All posts by mikeshumor
Merry Christmas

Humor – December 24
Two tips for Christmas:
One: Forget the past, you can’t change it
Two: Forget the present, I didn’t get you one
One Liner
Wife to husband: “This Christmas let’s give each other sensible gifts like ties and fur coats.”
Humor – December 23
CATS’ FAVORITE CHRISTMAS SONGS
1. Up on the Mousetop
2. Have Yourself a Furry Little Christmas
3. Joy to the Curled
4. I Saw Mommy Hiss at Santa Claus
5. The First Meow
6. Oh, Come All Ye Fishful
7. Silent Mice
8. Fluffy, the Snowman
9. Jingle Balls
10. Wreck the Halls
One Liner
A snowman was seen at the carrot bin in the produce section of the local grocery. He was picking his nose.
Humor – December 22
No one can fracture a Christmas carol better than a kid.

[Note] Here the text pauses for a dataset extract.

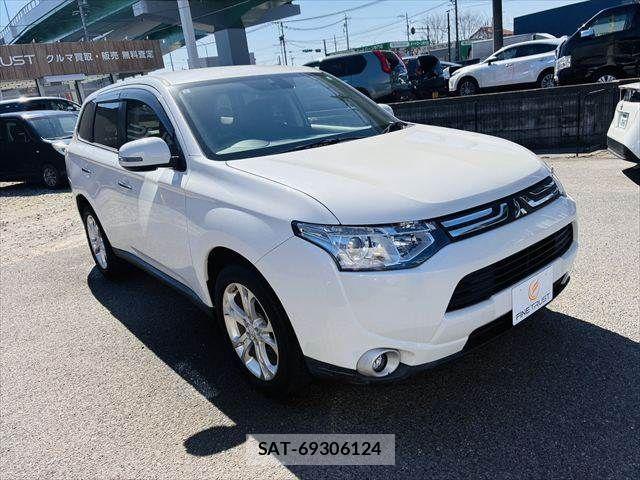Mitsubishi OUTLANDER 2013-01 4598913-16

Sing along with these new takes on old favorites:
* Olive, the other reindeer.
* Frosty the Snowman is a ferret elf, I say
* Sleep in heavenly peas
* In the meadow we can build a snowman, Then pretend that he is sparse and brown
* You’ll go down in listerine
* Oh, what fun it is to ride with one horse, soap and hay
* Come, froggy faithful
* You’ll tell Carol, “Be a skunk, I require”
* Good tidings we bring to you and your kid
One Liner
What is King Wenceslas’ favorite pizza?
One that’s deep pan, crisp, and even.
Humor – December 21
No one can fracture a Christmas carol better than a kid. Sing along with these new takes on old favorites: (Part 1)

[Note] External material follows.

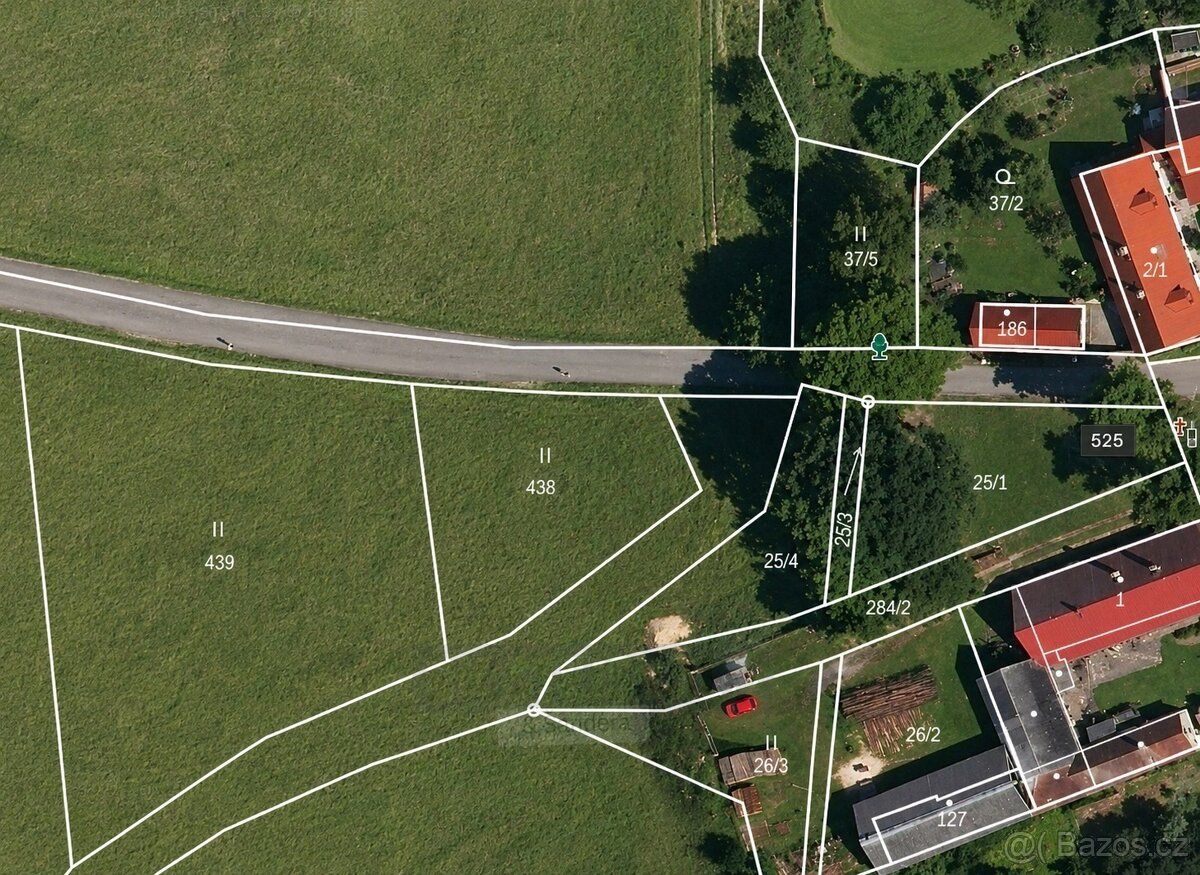 Nabízíme k prodeji pozemek o výměře 723 m², nacházející se v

* Deck the Halls with Buddy Holly
* We three kings of porridge and tar
* On the first day of Christmas my tulip gave to me
* Later on we’ll perspire, as we dream by the fire.

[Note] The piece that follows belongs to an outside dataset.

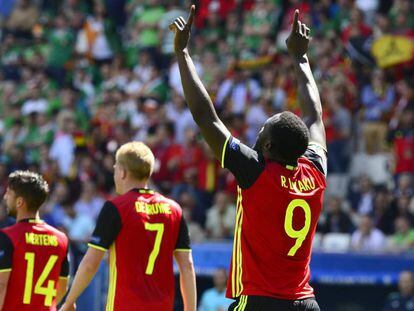 Romelu Lukaku (d) celebra un gol de B&eacute;lgica.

* He’s makin’ a list, chicken and rice.
* Noel, noel, noel, noel; Barney’s the king of Israel.
* With the jelly toast proclaim
One Liner
No two things are the same, no matter how you look at them
Isaiah 7:14

humor pic of the week

Humor – December 18
Rick, my husband, and I had a hectic holiday schedule encompassing careers, teenagers, shopping, and all the required doings of the season.
Running out of time, I got the stationer to print our signature on our Christmas cards, instead of signing each one.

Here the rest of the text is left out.